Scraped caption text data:

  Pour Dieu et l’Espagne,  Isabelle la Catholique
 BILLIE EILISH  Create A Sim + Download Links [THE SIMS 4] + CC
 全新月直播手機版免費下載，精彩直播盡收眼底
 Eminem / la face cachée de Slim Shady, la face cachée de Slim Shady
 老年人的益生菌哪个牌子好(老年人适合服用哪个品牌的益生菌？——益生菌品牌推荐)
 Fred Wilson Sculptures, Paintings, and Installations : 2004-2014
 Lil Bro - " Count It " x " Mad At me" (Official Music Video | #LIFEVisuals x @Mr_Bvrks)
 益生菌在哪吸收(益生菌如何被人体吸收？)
--
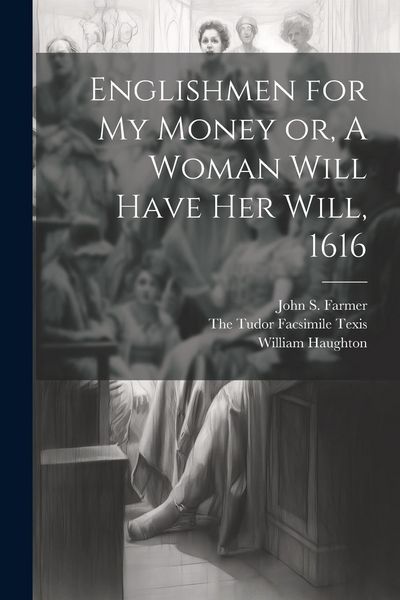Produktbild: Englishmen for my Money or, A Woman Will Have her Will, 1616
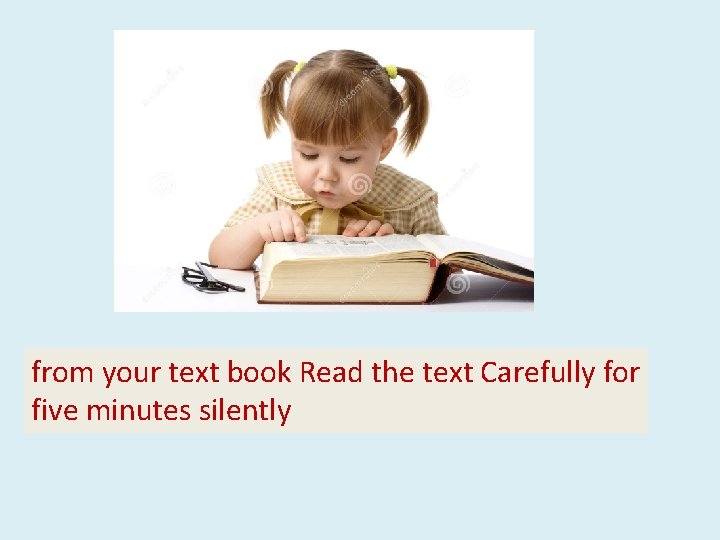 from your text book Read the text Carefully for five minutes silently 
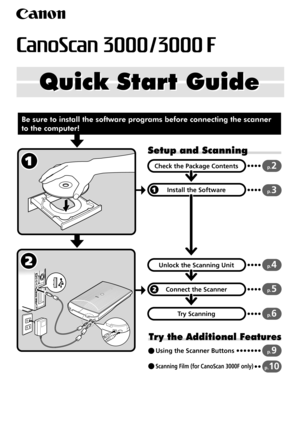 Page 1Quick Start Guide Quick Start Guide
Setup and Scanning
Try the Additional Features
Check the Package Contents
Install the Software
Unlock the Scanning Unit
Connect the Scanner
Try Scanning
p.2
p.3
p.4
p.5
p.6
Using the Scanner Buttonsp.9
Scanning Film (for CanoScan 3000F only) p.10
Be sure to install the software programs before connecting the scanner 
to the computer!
...
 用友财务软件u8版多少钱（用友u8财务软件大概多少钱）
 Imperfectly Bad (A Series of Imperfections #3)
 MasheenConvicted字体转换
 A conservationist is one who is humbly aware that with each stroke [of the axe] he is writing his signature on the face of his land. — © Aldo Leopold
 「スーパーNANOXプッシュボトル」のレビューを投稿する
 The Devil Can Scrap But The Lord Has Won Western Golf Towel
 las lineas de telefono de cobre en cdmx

### WHAT YOU ARE ASKED TO DO
Your answer must be the lines above from the one containing "Pour Dieu et" to the one containing "益生菌在哪吸收(益生菌如何被人体吸收？)", both included, restated word for word.

### SOLUTION TO THIS TASK
  Pour Dieu et l’Espagne,  Isabelle la Catholique
 BILLIE EILISH  Create A Sim + Download Links [THE SIMS 4] + CC
 全新月直播手機版免費下載，精彩直播盡收眼底
 Eminem / la face cachée de Slim Shady, la face cachée de Slim Shady
 老年人的益生菌哪个牌子好(老年人适合服用哪个品牌的益生菌？——益生菌品牌推荐)
 Fred Wilson Sculptures, Paintings, and Installations : 2004-2014
 Lil Bro - " Count It " x " Mad At me" (Official Music Video | #LIFEVisuals x @Mr_Bvrks)
 益生菌在哪吸收(益生菌如何被人体吸收？)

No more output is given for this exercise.